Let’s first create an array that contains empty sublists:
array = ak.Array(
[
[],
[10, 3, 2, 9],
[4, 5, 5, 12, 6],
[],
[8, 9, -1],
]
)
array
[[], [10, 3, 2, 9], [4, 5, 5, 12, 6], [], [8, 9, -1]] ------------------ backend: cpu nbytes: 144 B type: 5 * var * int64
Awkward reducers accept a mask_identity
argument, which changes the ak.Array.type
and the values of the result:
ak.argmax(array, keepdims=True, axis=-1, mask_identity=False)
[[-1], [0], [3], [-1], [1]] ------ backend: cpu nbytes: 40 B type: 5 * 1 * int64
ak.argmax(array, keepdims=True, axis=-1, mask_identity=True)
[[None], [0], [3], [None], [1]] -------- backend: cpu nbytes: 45 B type: 5 * 1 * ?int64
Setting mask_identity=True
yields the identity value for the reducer instead of None
when reducing empty lists. From the above examples of ak.argmax()

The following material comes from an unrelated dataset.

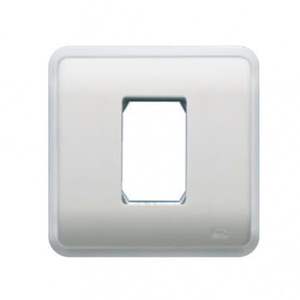 Placa estrecha blanca con diseño moderno, resistente y de fácil instalación, ideal para decorar espacios y mejorar la iluminación. - Product Image 1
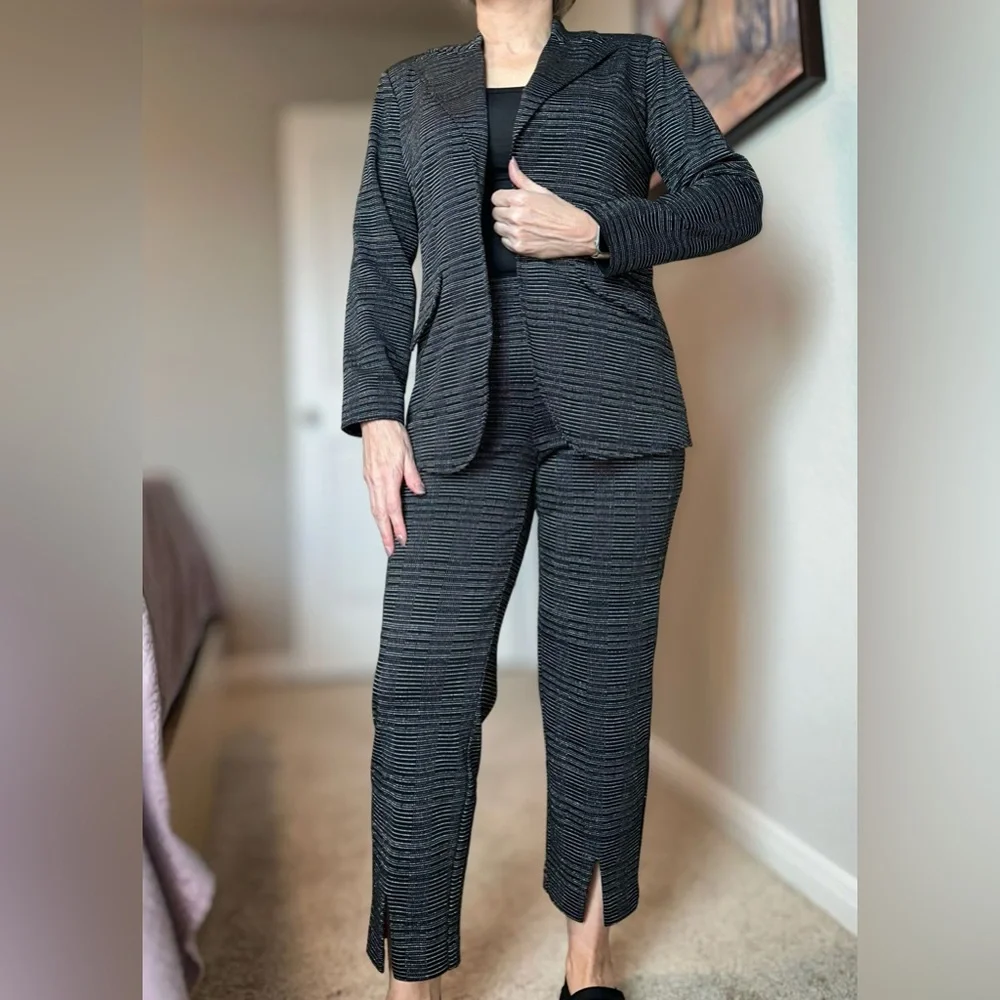 Stacy London Women's Black Striped Pantsuit in XXSP - Picture 2 of 16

, we can see that the identity for the ak.argmax()
is -1
: What happens if we try and use the array produced with mask_identity=False
to index into array
?
As discussed in Indexing with argmin and argmax, we first need to convert at least one dimension to a ragged dimension
index = ak.from_regular(
ak.argmax(array, keepdims=True, axis=-1, mask_identity=False)
)
Now, if we try and index into array
with index
, it will raise an exception
array[index]
---------------------------------------------------------------------------
IndexError Traceback (most recent call last)
Cell In[6], line 1
----> 1 array[index]
File ~/micromamba/envs/awkward-docs/lib/python3.11/site-packages/awkward/highlevel.py:1104, in Array.__getitem__(self, where)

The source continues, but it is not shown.